In an interview with misPeces, researcher Margherita Masi explains that “producers prioritise cost-related strategies, such as energy interventions, whereas policymakers mainly focus on reducing emissions”.
Significant aspects also emerge on the societal front. The study highlights a marked “value-action gap” among Italian consumers. Previous literature has shown that a large proportion of citizens declare their support for more sustainable production models; however, actual purchasing decisions continue to be driven primarily by price.
The research shows that the same individual experiences a form of internal contradiction: as a citizen they express values and expectations linked to sustainability, yet as a consumer they are not willing to bear additional costs.
This distance between expectations and behaviour creates a contradictory market signal: society demands greater sustainability, but those who try to produce in a more circular manner are not truly rewarded. For companies, this translates into investments that are difficult to justify and even harder to recover.

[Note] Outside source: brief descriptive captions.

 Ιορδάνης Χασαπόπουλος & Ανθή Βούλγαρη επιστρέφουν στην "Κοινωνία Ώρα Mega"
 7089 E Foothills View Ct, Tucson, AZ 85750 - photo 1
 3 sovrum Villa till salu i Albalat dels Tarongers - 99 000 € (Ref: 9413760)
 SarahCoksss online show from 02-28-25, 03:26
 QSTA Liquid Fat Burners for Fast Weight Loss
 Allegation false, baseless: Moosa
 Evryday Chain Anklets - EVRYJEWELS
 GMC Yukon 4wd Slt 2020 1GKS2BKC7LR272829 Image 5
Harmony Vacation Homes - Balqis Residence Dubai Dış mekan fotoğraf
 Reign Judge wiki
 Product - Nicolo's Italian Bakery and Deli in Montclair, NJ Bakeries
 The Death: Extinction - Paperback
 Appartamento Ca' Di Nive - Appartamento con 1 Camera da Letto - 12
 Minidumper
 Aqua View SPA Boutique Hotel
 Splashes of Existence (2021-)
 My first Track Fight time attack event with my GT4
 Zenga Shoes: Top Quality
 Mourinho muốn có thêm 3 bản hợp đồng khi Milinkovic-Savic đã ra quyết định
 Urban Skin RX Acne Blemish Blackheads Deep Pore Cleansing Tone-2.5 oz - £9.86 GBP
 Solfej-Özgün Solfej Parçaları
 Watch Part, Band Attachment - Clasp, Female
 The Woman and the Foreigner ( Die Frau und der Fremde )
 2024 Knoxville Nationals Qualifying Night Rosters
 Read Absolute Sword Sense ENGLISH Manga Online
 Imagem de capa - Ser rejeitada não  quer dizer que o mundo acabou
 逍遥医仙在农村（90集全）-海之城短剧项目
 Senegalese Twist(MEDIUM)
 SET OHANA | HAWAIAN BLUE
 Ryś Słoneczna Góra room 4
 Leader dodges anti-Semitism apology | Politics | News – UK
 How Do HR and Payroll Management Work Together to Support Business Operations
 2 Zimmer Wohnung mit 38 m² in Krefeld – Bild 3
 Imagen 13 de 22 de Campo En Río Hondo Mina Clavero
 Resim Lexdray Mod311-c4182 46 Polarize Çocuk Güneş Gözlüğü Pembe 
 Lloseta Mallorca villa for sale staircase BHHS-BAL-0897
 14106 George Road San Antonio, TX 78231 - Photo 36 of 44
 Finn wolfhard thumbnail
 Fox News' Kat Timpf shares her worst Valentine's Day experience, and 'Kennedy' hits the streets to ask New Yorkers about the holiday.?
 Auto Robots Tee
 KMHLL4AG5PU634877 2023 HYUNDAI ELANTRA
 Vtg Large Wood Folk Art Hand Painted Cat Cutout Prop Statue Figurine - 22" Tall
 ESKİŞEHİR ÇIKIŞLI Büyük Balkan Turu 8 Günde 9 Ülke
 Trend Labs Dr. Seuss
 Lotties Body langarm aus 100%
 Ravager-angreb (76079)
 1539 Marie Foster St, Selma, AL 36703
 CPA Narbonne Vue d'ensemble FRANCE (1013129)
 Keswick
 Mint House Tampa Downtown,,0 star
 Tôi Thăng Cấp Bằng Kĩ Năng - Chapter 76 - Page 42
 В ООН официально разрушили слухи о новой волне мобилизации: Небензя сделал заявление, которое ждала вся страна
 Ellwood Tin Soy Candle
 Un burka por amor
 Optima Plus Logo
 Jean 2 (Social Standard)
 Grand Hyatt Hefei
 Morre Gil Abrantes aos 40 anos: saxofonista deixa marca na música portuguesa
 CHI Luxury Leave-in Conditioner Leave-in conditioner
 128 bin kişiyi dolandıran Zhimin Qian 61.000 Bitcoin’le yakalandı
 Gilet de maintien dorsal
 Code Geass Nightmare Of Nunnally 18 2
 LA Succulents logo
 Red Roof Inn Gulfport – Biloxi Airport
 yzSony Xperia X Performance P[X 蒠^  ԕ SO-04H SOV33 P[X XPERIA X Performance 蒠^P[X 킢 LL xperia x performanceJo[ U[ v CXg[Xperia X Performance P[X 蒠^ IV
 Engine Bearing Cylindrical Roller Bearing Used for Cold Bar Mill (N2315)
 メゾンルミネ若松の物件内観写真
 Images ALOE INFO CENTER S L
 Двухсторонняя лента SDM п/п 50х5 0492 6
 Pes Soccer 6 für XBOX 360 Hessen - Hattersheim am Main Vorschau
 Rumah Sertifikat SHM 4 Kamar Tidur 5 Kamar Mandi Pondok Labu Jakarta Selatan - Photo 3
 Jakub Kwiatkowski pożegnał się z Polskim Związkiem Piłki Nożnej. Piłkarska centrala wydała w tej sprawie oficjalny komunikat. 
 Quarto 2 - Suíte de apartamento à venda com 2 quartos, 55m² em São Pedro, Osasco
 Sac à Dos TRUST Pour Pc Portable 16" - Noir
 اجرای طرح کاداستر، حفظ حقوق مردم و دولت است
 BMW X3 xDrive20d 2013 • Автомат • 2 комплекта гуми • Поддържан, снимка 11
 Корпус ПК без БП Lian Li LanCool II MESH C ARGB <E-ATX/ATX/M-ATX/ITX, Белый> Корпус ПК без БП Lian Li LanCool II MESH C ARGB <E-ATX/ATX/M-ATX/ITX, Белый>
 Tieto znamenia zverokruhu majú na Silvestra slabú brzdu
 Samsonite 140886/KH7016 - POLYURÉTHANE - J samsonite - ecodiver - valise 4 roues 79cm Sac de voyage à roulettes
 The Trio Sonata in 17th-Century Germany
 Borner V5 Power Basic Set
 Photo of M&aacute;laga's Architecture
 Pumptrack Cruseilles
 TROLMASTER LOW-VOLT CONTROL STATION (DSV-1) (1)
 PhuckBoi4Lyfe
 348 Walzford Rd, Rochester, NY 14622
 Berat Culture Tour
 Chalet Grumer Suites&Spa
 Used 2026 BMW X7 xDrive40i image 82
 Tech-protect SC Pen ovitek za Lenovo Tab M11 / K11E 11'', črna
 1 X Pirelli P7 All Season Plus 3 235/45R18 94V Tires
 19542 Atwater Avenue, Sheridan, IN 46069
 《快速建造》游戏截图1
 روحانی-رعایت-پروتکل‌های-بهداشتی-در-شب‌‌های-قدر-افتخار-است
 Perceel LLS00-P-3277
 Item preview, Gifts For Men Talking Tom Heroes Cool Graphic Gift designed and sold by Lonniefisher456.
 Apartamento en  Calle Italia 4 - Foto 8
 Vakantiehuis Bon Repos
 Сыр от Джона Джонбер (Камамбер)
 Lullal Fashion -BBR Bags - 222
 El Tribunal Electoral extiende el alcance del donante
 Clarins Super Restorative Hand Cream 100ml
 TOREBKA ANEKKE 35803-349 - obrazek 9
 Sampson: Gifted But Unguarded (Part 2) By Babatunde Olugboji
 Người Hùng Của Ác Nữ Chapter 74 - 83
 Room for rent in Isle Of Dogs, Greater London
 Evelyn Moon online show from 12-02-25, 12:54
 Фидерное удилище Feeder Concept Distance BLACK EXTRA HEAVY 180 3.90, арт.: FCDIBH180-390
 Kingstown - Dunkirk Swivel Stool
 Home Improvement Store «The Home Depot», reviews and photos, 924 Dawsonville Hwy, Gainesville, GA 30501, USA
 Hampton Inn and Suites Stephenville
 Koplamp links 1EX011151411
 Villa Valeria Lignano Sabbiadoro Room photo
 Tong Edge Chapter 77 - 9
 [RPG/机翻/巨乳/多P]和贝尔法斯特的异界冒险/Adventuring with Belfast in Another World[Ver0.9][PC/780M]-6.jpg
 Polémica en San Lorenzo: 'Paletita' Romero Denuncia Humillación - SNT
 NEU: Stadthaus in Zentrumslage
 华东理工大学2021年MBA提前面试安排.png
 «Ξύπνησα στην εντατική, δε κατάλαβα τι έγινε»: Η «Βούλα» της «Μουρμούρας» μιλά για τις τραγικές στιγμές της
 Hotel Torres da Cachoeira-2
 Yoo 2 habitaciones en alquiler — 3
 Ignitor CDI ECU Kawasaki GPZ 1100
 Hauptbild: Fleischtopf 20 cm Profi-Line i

The research highlights a marked “risk asymmetry”: policymakers set targets, researchers produce knowledge, but the burden of the transition falls entirely on farmers. Researchers confirm that “today aquaculture companies experience the circular transition as yet another crisis”: a process that adds to pre-existing economic challenges and requires further efforts, resources, and adjustments at a time when investment capacity is already severely limited.
The resulting picture is troubling. Researchers estimate that around 80% of Italian aquaculture companies currently operate under significant economic stress. Without policy cooperation, and widespread adoption of risk management tools, the transition towards sustainable models becomes scarcely sustainable for the sector itself.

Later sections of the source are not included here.